And it can go right back to Hollywood, dig a hole, jump in and bury itself. When reviewing compilation movies put together simply to showcase clips from other movies, there are just two areas that are really important. The first are the clips themselves. Is there a consistent theme? Did they select good ones? Do the clips play into an overall theme? Second, and most important of all, is the quality of the original footage shot to bookend all the clips. Are those scenes funny? Insightful? Informative? Well written? While ITFH does feature plenty of amusing clips from vintage horror and science fiction films (as well as juvenile delinquent films, drug pictures, musicals and other genres), overall it's a complete failure. The one area the film does do right is categorizing the clips. It's broken down into ten sections - "Gorillas," "Musical Memories" and "Monsters" are hosted by Gilda Radner, "Aliens," "The Brain" and "Troubled Teens" are hosted by Dan Ackroyd, "A Tribute to Ed Wood" and "Technical Triumphs" are hosted by John Candy and "Giants/Tiny People" and (surprise, surprise) "Getting High" are hosted by Cheech Marin and Tommy Chong..

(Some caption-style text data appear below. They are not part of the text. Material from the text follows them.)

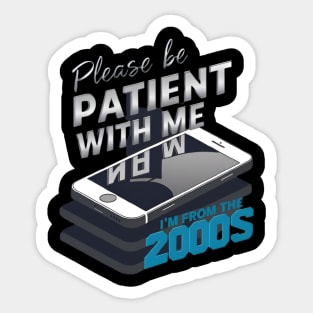 Please Be Patient With Me I’m From the 2000s Sticker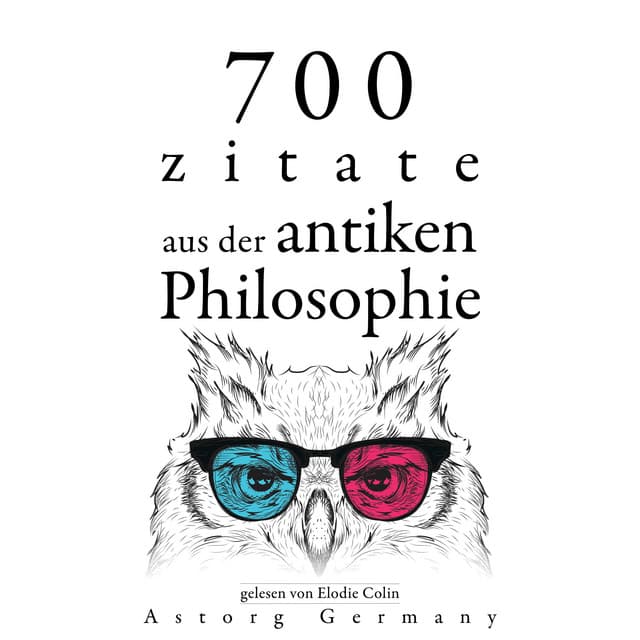 700 Zitate aus der alten Philosophie - Aristoteles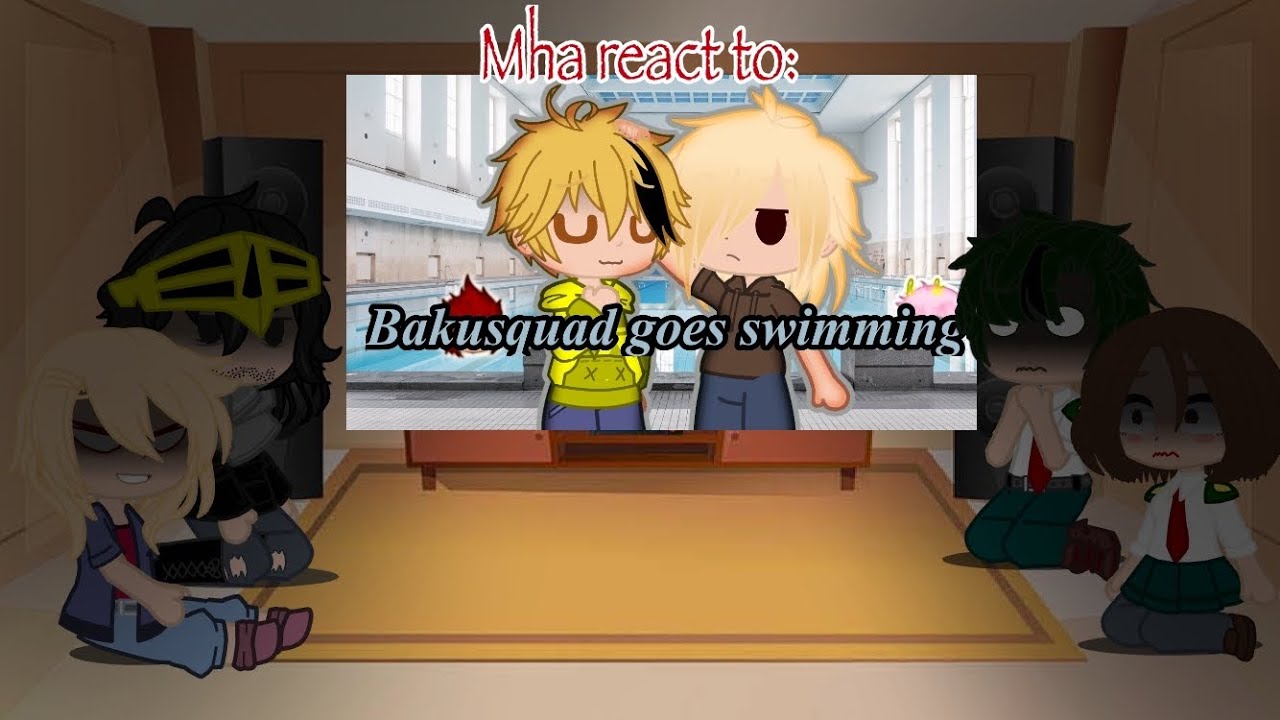 Mha react to “Bakusquad goes swimming”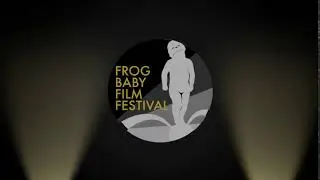 Frog Baby Film Festival Stinger
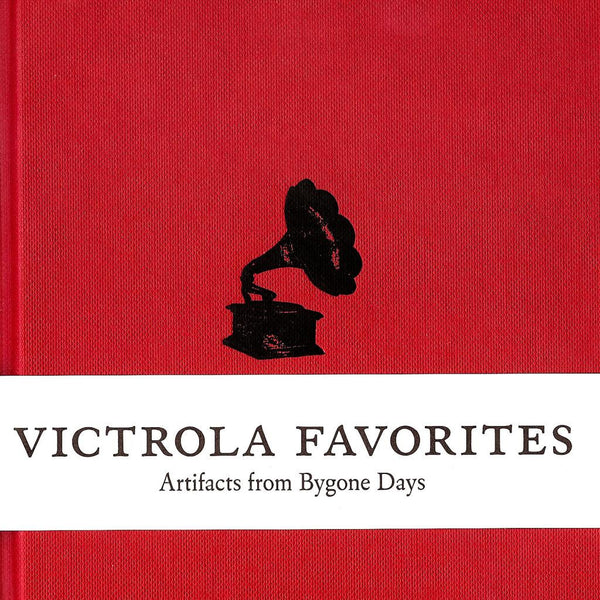 Various Artists 'Victrola Favorites: Artifacts From Bygone Days' - Cargo Records UK
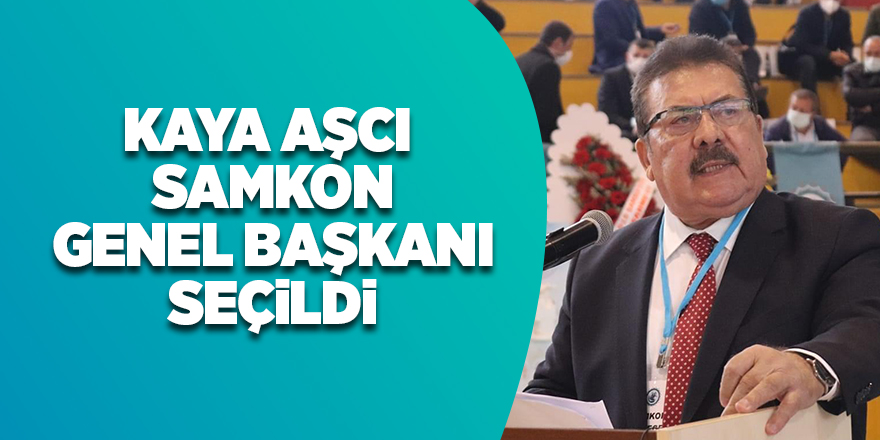 Kaya Aşcı  SAMKON Genel Başkanı seçildi - samsun haber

So what went wrong? For starters, in a film supposedly celebrating awful Grade Z movies, is it really a wise idea to include clips from classic films like THE DAY THE EARTH STOOD STILL (1951), THE WAR OF THE WORLDS (1953), CREATURE FROM THE BLACK LAGOON (1954), THE INCREDIBLE SHRINKING MAN (1957), THE FLY (1958) and HOUSE ON HAUNTED HILL (1959)? Yes, all of those films are "dated." But they're also landmark genre films that don't deserve to be pissed on simply because special effects technology has improved since they were made. And none of them deserve to be senselessly grouped together with notoriously awful bombs like ROBOT MONSTER (1953), THE CREEPING TERROR (1964) and MARS NEEDS WOMEN (1967).
The worst part of this production are the new "comic" vignettes; which are irritating, painfully unfunny and horribly written. Often times the narration looks down upon the featured movies with disdain and contempt; cynically mocking them while completely losing sight of the fact that the films they're making fun of are often charming and uniquely entertaining and that's why people enjoy watching them. There's little actual love for schlock/Z grade productions in this film. It's just a cheap opportunity for some usually-funny people to spit out a bunch of woefully written pun-laded one-liners that aren't the least bit funny. And as far as our famous comedian hosts go, all I can say is that you'd be half-tempting to start pelting them with tomatoes if they hadn't already proven their talents many times over elsewhere.